TASK PROMPT: Repeat precisely, and only, the lines between the line containing "Flapper Style Beaded Purse" and the end of the listing below, both ends included.

GIVEN INFORMATION:
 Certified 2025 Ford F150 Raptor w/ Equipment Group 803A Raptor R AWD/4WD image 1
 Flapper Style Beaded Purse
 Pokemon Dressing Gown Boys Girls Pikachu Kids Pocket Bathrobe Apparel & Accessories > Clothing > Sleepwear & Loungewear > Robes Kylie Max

ANSWER FOR THIS EXERCISE:
 Flapper Style Beaded Purse
 Pokemon Dressing Gown Boys Girls Pikachu Kids Pocket Bathrobe Apparel & Accessories > Clothing > Sleepwear & Loungewear > Robes Kylie Max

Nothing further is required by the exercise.